Gucci, which this season presented a monochromatic collection featuring tones of brown and black, added black and white, as well as color, for the campaign, which was shot by Mario Testino. In a new move, still-life shots were done by Jay Zuckerkorn “in order to evolve and create a noticeable change in style,” a Gucci spokeswoman said. The women’s collection was shot in Palm Springs, and some shots taken in the desert have stark, arid backgrounds and hard sunlight. Other photos were taken in a Palm Springs home “at night, with artificial, high-contrast lighting.” The product shots were done on location using models, rather than in still-life settings, the spokeswoman said. Gucci also added a separate men’s wear campaign “in order to emphasize our growing men’s wear business.”
Even Giorgio Armani, who practically created the institutional black-and-white ad image with Peter Lindbergh, started to spin the color wheel: He had a second campaign shot in color by Paolo Roversi and liked it so much he decided to run both Roversi and Lindbergh’s shots this season.
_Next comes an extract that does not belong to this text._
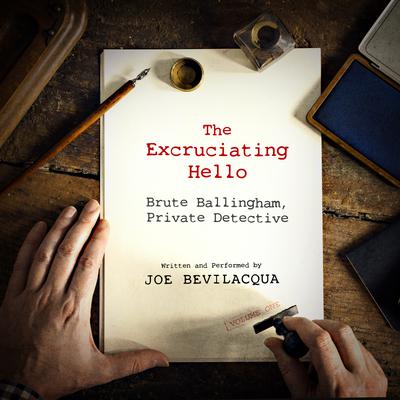 The Excruciating Hello: Brute Ballingham, Private Detective Audiobook, by Joe Bevilacqua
“Armani was interested in both photographers’ work and, in particular, with this collection, which has a special, romantic spirit to it. He wanted to see how someone with a mood like Roversi’s would deal with it,” an Armani spokesman said.
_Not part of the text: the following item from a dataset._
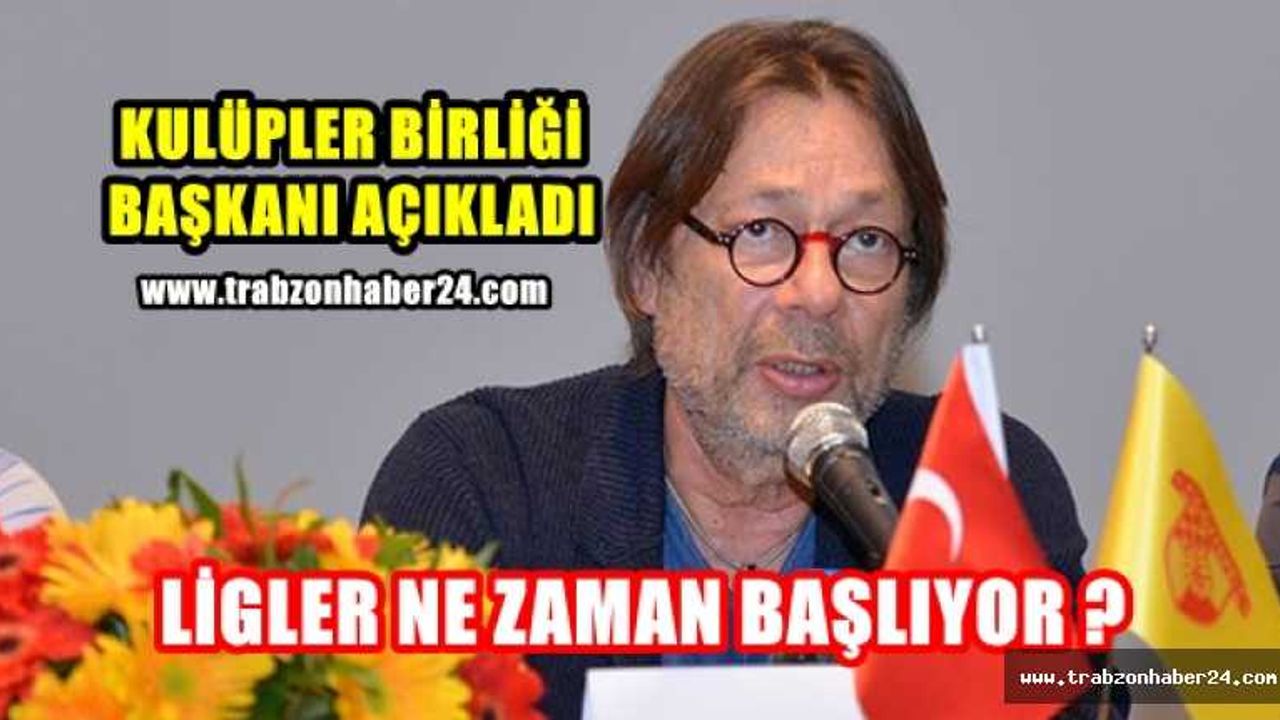 Ligler Ne Zaman Başlayacak İşte O Tarih ..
Armani has planned a series of special multiple-page monographs, including a 16-page Emporio insert in Marie Claire, a 12-page unit in Elle and eight-page units in Harper’s Bazaar, Rolling Stone and George. The Emporio campaign was shot by Enrique Badelescu on location in Mexico. Another initiative was this week’s issue of D, the weekly fashion magazine in Italian daily “La Repubblica,” in which Armani was the sole advertiser.
Armani is also boosting its outdoor advertising for eyewear in collaboration with its manufacturer, Luxottica, with billboard campaigns slated for seven major U.S. cities: New York, Boston, Chicago, Los Angeles, San Francisco, Miami and Houston. Armani will also use billboards in Italy for the Armani jeans campaign, which was shot by Rudi Hoffman in Pennsylvania.
Gianni Versace continued with Richard Avedon for his women’s campaign. Avedon also shot Elton John in drag and rocker Jon Bon Jovi. Bruce Weber, who did the men’s wear collection, shot Versace Jeans Couture and Versus on location in Miami.